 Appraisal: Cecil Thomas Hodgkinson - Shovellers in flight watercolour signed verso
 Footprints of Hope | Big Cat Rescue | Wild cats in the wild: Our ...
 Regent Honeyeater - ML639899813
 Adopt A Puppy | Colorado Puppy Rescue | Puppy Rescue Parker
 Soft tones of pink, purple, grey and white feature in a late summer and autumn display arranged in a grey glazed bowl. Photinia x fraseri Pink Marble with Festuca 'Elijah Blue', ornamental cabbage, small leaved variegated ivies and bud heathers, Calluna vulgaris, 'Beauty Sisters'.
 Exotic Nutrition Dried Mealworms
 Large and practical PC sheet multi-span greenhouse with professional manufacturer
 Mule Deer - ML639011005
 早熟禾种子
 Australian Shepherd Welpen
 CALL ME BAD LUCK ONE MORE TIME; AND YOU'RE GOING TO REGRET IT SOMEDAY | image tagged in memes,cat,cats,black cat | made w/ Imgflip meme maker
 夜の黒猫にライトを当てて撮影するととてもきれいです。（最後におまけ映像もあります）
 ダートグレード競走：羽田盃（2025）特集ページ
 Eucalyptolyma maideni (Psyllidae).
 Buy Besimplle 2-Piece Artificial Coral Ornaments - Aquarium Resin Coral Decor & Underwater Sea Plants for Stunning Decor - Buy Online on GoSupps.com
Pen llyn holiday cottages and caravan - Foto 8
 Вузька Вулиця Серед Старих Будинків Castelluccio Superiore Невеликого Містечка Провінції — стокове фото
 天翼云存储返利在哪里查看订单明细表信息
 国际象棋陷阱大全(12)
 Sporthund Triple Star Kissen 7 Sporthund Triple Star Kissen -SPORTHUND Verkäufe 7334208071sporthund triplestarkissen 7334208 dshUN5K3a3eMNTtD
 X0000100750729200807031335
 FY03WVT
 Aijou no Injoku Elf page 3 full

ACTIVITY: Every line above that holds the string "cats" should be copied into the answer.

OUTPUT FOR THIS EXERCISE:
 Footprints of Hope | Big Cat Rescue | Wild cats in the wild: Our ...
 CALL ME BAD LUCK ONE MORE TIME; AND YOU'RE GOING TO REGRET IT SOMEDAY | image tagged in memes,cat,cats,black cat | made w/ Imgflip meme maker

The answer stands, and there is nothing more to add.